Introduction

Stepper motors are an ideal choice for accurately moving and positioning mechanical devices. Using techniques like microstepping the position of the motor shaft can be controlled with a great deal of precision.

Stepper motors are available in a wide range of sizes. On the small end of the scale are the steppers used within DVD and Blu Ray drives to position the laser head. On the other end of the scale are huge steppers that can control the position of industrial-sized 3D printers and CNC machines.

Using the larger stepper motors with an Arduino is not very different from using smaller ones. The main difference is in the selection of a driver module.

Stepper Motors & Drivers

We have covered stepper motors in detail in an earlier article and video, so if you need a refresher please see the previous material.

Big Stepper Motors With Arduino

In the previous article, we learned that stepper motors are available in two common wiring configurations, Unipolar and Bipolar. Most large stepper motors are bipolar, meaning that they have 4-wires, two per coil assembly.

Bipolar stepper motors can be driven using dedicated modules or with H-Bridges. In the previous article, we used both an A4988 stepper module and an L298N H-Bridge to drive bipolar stepper motors with an Arduino to drive a common NEMA 17 size motor.

To use a larger stepper motor we will need a bigger driver or H-Bridge, one that is capable of handling the current our motor will require.

Motor Specifications

Let’s take a look at the specifications of the stepper motor we are going to be using today. This is a NEMA 23 Bipolar Stepper Motor from Stepperonline.

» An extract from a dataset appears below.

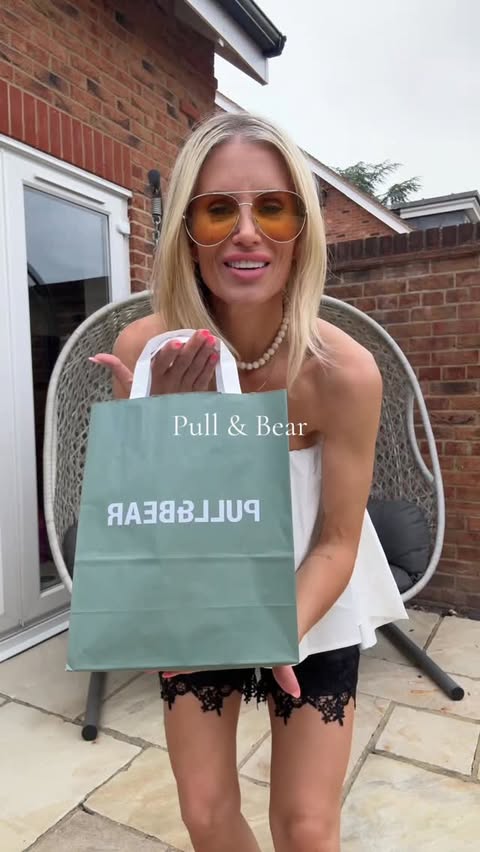 Instagram post by @mariaelondon for Pull&Bear. Caption reads: Pull & Bear new in ❤️ Me new fave little summer....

This motor has the following specifications:

  • Step Angle: 1.8 deg
  • Holding Torque: 3.0Nm(425oz.in)
  • Rated Current/phase: 4.2A
  • Voltage: 3.78V
  • Phase Resistance: 0.9ohms
  • Inductance: 3.8mH ± 20%(1KHz)
  • Frame Size: 57 x 57mm
  • Body Length: 113mm
  • Weight: 1.8kg

As you can see from the size and weight, this is a BIG motor!

Large Stepper Motor

Most of the specifications are pretty self-explanatory. But one of them might seem a bit strange.

The voltage is rated at 3.78 volts. Which, to many people, may seem a bit on the small side!

The voltage rating is NOT the maximum voltage that the stepper motor can handle, nor is it the operating voltage that  the manufacturer recommends you use in your design. The voltage rating is actually just a mathematical calculation:

CURRENT (4.2 Amps) x RESISTANCE (0.9 Ohms) = VOLTAGE (3.78 Volts)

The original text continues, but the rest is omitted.